Christie was cold, lonely and hungry again this year. For four years in total now, she had not managed to beg for a meal. "Everything changed around Christmas," Christie thought, people got selfish. Sure, people chucked unwanted clothes in a homeless bin, but what was she going to do with a spaghetti string sequin top, when it was snowing? She needed to keep warm, not sparkly. They shut themselves in their warm houses and ignored everyone else. They gave overpriced presents to people they loved. Did they have any idea how much it would change her life if they gave that much money to her?"
She sighed and huddled up against the blizzard that was starting to form. She started to cry. Everyone would be happy to see that it was snowing on Christmas day; everyone but Christie. She could not sit safely inside by the fire on Christmas Eve and looking out at the beautiful white flakes slowly piling up, excited to see the kids wake up with wide eyes waiting for presents and Christmas dinner. Snow on Christmas day meant she could die in her sleep, or wake up with no fingers.
She had tried all day to find somewhere to spend the night, but to no avail. She thought about what they taught her when she was little, about Mary and Joseph, about all the Inns being full. "Yeah right", she thought. People here are too stingy even to let you stay in their barn.
She pressed herself into the doorway as far as she could go and putting her head inside her coat, tried to catch some sleep before it was too dangerous to drift off. Sometimes she wished she would never wake up.
There is something indefinable about the human spirit; something no one can put their finger on. Hundreds of generations, cultures, philosophers, scientists, preachers and paupers; all have tried to pinpoint what it is that makes us who we are, but no one has ever been able to do so. Our struggle to persevere against all odds, even when we reach our darkest hour, even when we wish the world would just turn to dust around us, we find it impossible to fully let go, find it necessary to go on.
"Christmas is a time when all men recognize the human spirit in each of us. We remember that deep down we all have the same heart beating in our chests," John thought. He knew this as surely as he knew his own name.

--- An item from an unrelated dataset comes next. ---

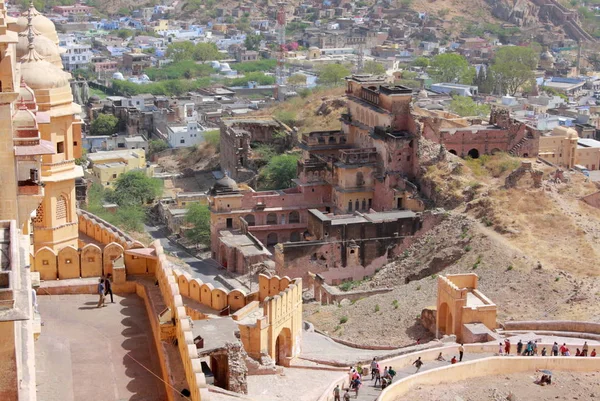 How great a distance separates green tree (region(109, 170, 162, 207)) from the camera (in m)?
57.3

John had seen Christie before; last Christmas, in fact. He had been another person then. Funny how life bringing a man to his knees can make him see other people in a different way. Back then, he had judged Christie, he assumed she was one of those people who would never stop blaming others for her own stupidity and addiction. He thought maybe it would be a good thing if she did not wake up in the morning.
He had seen her once in the summer. She had looked like the most beautiful person he had ever seen. She had been sitting by the river, the water's reflection playing across her face. Basking in the light of the sun, she seemed a golden goddess. She was thin, waif-like but healthy, with skin like fine porcelain. She might have been a model, or a movie star. How did she end up in such a state, hungry and homeless, lonely and poor? What had life done to Christie to bring her to her knees, never to rise again?
John had to know. He walked to her and tried to wake her, but she did not respond. He panicked. He shook her repeatedly, but she would not awaken. He could feel her pulse only faintly. He called an ambulance. Things were a blur. It seemed one minute the EMTs were taking forever, the next he was in the ambulance by her side, rushing to hospital with the emergency siren blaring.
"Is this heaven?" She asked no one in particular, three days later.
"No, this is hospital. You are going to be fine." John sighed; he felt like he had been holding his breath since he hadn't been able to wake her.
"Are you a doctor? You don't look like one." A smile lit up her face.